The S&P 500 fell by 2.3 percent, after recovering from a decline of around 3 percent.

USA stocks dropped in early trading as weakness in technology shares persisted amid renewed Presidential criticism of Amazon.com and retaliatory tariffs from China. CBS rose 2.5 per cent.

Formerly high-flying technology companies like Microsoft and Alphabet fell, and Intel took a steep drop following a report in Bloomberg News that Apple plans to start using its own chips in Mac computers as early as 2020, replacing Intel. The Dow Jones rose 0.4% after popping more than 1% higher. Eastern time. It dropped 2.2 percent a day earlier.

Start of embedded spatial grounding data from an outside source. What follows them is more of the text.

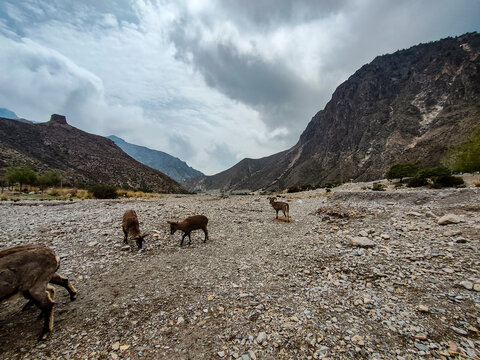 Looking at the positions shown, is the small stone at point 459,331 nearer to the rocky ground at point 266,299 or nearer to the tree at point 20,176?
the rocky ground at point 266,299

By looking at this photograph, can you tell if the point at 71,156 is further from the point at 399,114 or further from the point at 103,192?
the point at 399,114

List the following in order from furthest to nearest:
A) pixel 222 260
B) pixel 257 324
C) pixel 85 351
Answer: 1. pixel 222 260
2. pixel 257 324
3. pixel 85 351

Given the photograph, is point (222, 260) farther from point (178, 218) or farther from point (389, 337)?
point (178, 218)

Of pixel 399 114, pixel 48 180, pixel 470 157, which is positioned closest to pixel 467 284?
pixel 470 157

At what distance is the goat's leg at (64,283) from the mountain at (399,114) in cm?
7840

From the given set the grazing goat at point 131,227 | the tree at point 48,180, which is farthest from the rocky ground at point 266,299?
the tree at point 48,180

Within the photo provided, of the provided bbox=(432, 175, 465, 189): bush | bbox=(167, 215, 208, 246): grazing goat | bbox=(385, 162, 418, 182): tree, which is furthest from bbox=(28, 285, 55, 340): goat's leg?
bbox=(385, 162, 418, 182): tree

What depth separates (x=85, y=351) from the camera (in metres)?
3.85

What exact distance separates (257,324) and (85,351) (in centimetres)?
336

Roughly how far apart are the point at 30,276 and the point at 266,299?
17.7 feet

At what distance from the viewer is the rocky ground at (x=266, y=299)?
12.7 ft

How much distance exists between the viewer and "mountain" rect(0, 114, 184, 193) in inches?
2579

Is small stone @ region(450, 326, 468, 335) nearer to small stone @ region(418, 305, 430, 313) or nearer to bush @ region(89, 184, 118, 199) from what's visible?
small stone @ region(418, 305, 430, 313)

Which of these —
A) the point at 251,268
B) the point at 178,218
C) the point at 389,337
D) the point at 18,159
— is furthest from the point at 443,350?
the point at 18,159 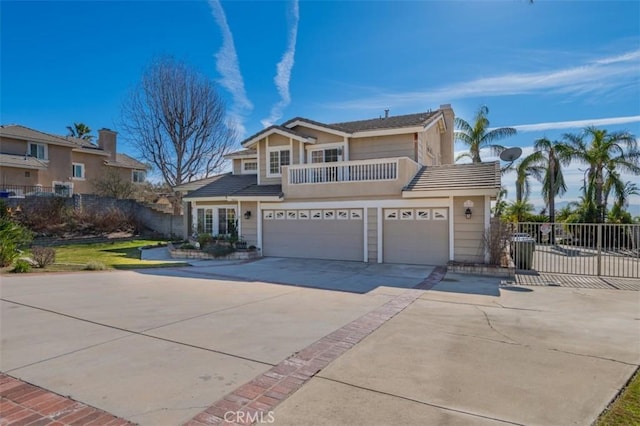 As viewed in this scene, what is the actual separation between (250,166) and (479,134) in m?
16.7

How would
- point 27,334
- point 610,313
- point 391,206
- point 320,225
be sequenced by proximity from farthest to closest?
point 320,225, point 391,206, point 610,313, point 27,334

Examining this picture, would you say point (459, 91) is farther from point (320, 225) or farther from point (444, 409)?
point (444, 409)

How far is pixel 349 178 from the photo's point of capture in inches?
604

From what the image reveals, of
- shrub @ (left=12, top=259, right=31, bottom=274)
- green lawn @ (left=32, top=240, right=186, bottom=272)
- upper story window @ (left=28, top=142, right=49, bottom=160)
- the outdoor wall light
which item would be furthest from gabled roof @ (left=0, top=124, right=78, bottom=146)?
the outdoor wall light

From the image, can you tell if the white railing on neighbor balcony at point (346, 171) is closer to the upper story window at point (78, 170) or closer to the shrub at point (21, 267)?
the shrub at point (21, 267)

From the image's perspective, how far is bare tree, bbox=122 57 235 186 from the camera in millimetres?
27203

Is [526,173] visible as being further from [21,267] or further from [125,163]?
[125,163]

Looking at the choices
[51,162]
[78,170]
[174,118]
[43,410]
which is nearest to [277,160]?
[174,118]

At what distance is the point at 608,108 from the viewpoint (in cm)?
1914

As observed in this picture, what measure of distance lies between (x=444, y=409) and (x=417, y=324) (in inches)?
115

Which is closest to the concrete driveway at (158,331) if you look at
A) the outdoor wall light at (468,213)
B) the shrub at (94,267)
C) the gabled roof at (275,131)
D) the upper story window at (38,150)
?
the shrub at (94,267)

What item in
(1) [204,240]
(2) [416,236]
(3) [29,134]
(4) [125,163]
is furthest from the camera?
(4) [125,163]

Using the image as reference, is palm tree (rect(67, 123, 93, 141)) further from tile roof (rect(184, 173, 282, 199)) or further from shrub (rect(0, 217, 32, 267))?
shrub (rect(0, 217, 32, 267))

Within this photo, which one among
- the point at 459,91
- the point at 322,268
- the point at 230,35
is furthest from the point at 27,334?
the point at 459,91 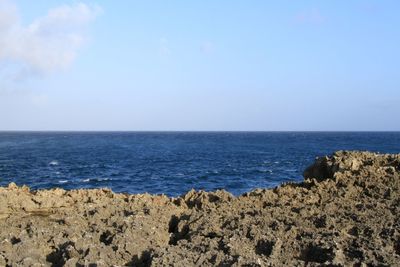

Despite its recent losses, Amazon stock is still up about 18 percent in 2018.

Amazon.com (AMZN.O) was the biggest drag on the S&P 500, down 5.2 percent, as President Donald Trump continued his twitter attacks on the online retailer. Eastern time. The Dow Jones industrial average lost 623 points, or 2.6 percent, to 23,480.

The Dow moved higher as gains in shares of Nike and those of Johnson & Johnson, recently up 2.9 percent and 2.2 percent respectively, outweighed declines in shares of General Electric and those of Walt Disney, down 1.1 percent and 0.5 percent respectively.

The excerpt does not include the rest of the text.